Key Takeaways
- Industrial continues to attract attention from investors as a proven stable asset class.
- Both build-to-suit and speculative construction are underway across the state, expanding market boundaries.
- Industrial fundamentals have held strong, with consistently low vacancies and mid-$10/square-foot aggregate rental rates.
- Life science users and developers are active, making cGMP a best-use option alongside high-bay logistics plays.
Market Summary
Industrial has become a juggernaut in Greater Boston real estate, posting consistently strong performances quarter after quarter and carrying that momentum through the first half of 2021. Abundant leasing throughout the region led to another quarter of positive absorption, of 1.2 million square feet in Q2. Vacancy rates have yet to find their floor, hitting a new low of 7.4% in Q2 for the market aggregate. Average rental rates moved into the mid-$10-per-square-foot range in the second quarter, an increase over Q1. Most leasing is in new construction or newly renovated product. High-bay and cGMP spaces continue to dominate the market, with the highest asking rents, fast lease-up, and stiff competition for space.

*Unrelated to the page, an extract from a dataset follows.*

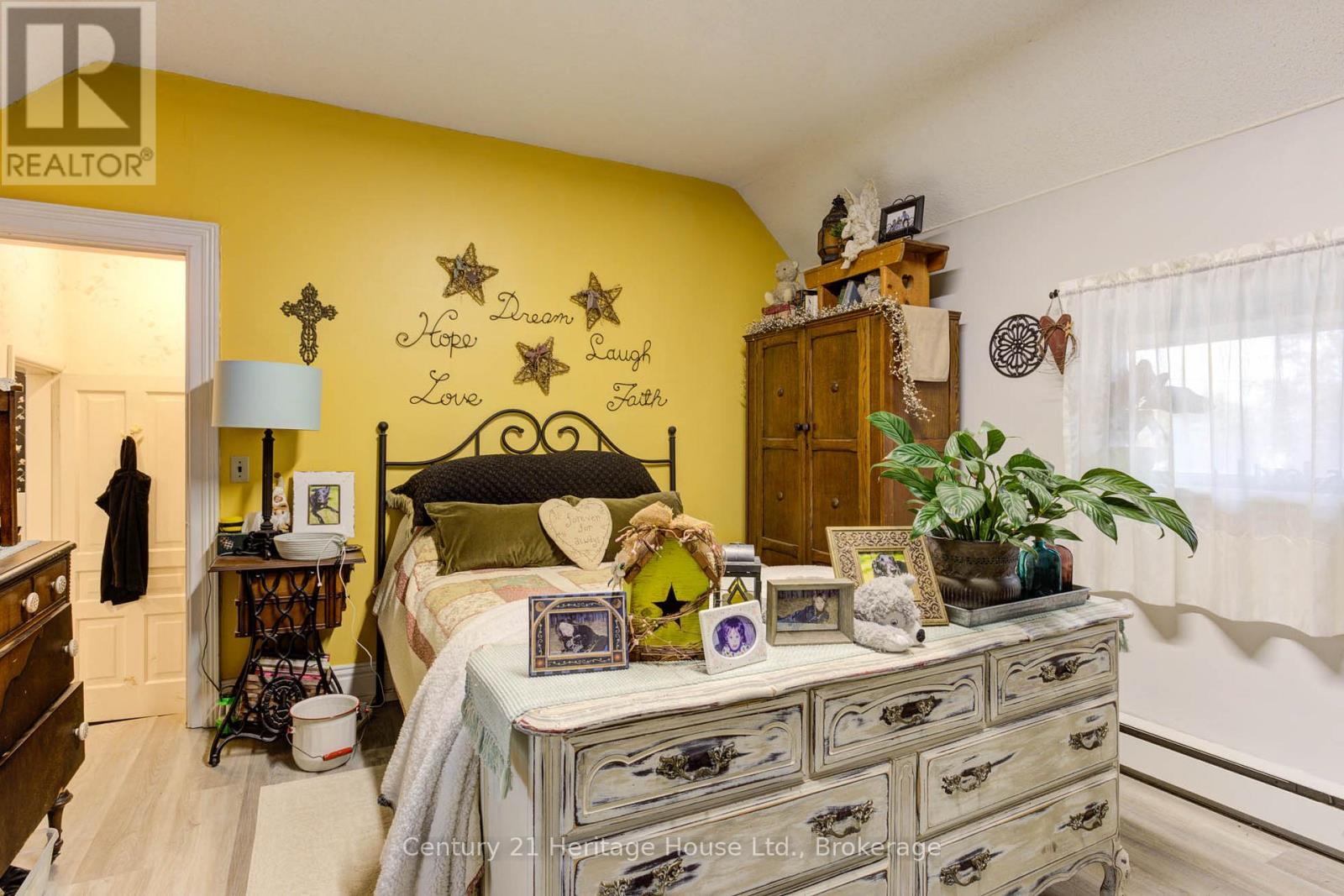 397 Lambton Street W, West Grey, Ontario  N0G 1R0 - Photo 34 - X11894105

The ever-dropping vacancy rate speaks to the high demand in the Boston industrial market. Existing space is scarce, and new construction has attracted strong demand, even as developers push market boundaries by seeking new land sites in the western reaches of Worcester County. The usual suspects of logistics and e-commerce remain demand drivers, joined by the manufacturing component of the life science industry within the 495 belt. Both land sites and conversion plays are intensely sought-after, as industrial has become a best-use option in recent quarters.